Exercise requirements:
Locate the line that contains "One Piece Glass" in the entries below, then repeat it and every following line through the line that contains "Car Multimedia 6.86…", exactly, and no others.

Record extracts:

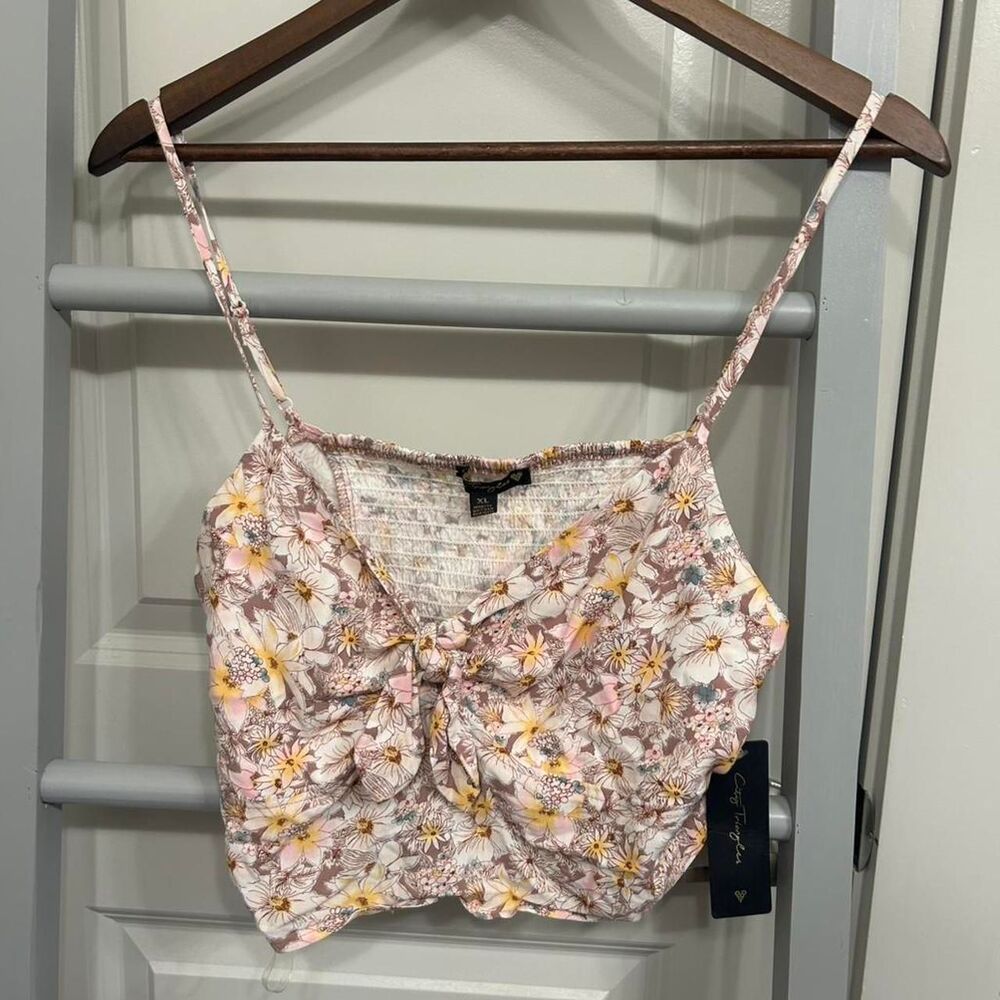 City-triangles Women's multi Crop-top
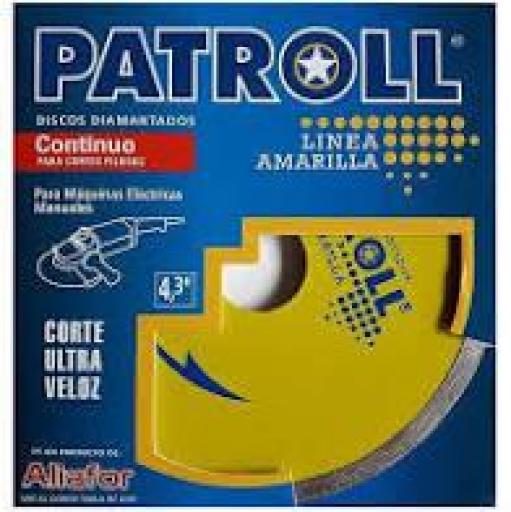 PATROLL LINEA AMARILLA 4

--

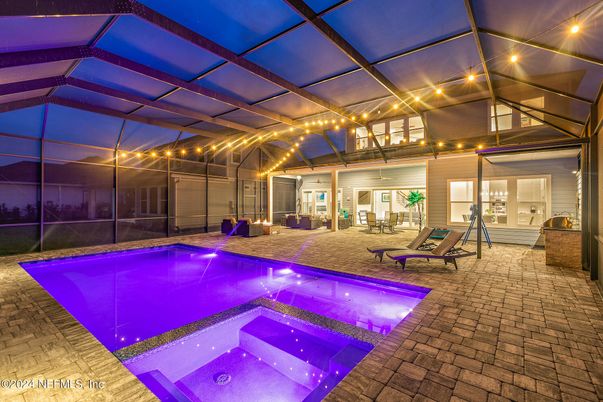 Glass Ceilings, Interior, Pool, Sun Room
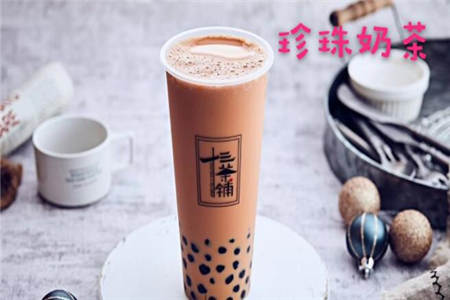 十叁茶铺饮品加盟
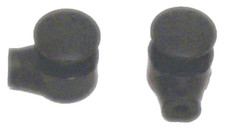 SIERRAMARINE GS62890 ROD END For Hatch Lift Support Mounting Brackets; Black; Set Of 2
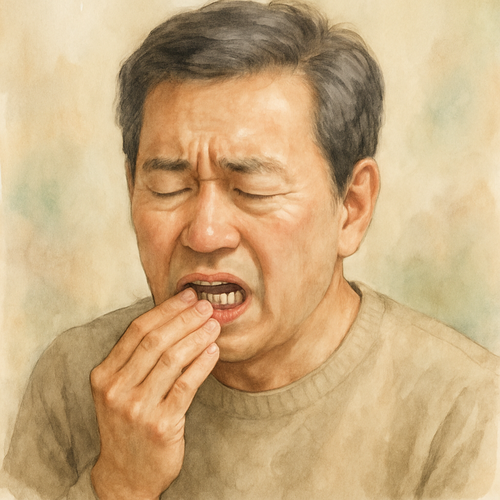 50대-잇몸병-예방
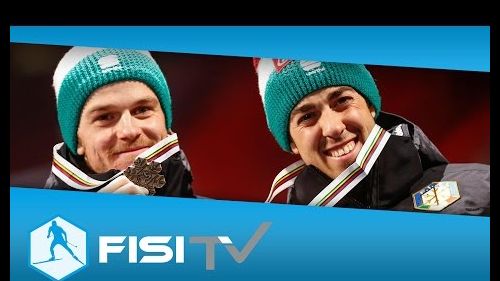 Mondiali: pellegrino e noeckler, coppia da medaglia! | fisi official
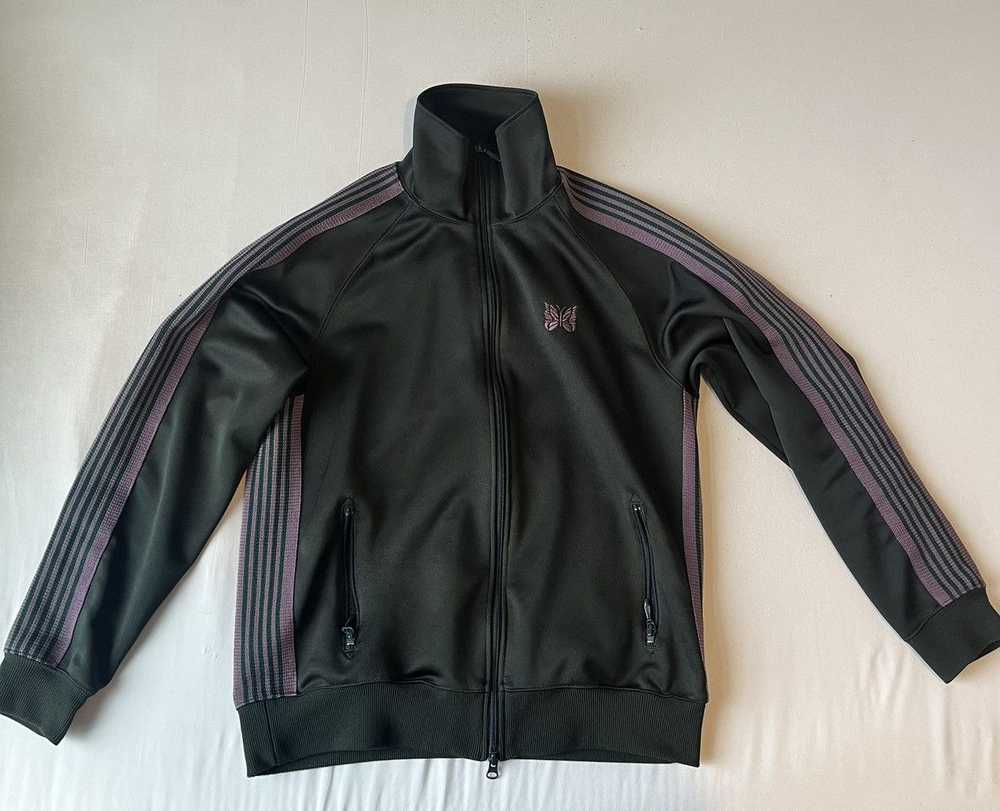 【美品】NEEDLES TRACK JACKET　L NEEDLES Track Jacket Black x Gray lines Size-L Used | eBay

---

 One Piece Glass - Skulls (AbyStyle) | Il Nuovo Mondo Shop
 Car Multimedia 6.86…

Response area:
 One Piece Glass - Skulls (AbyStyle) | Il Nuovo Mondo Shop
 Car Multimedia 6.86…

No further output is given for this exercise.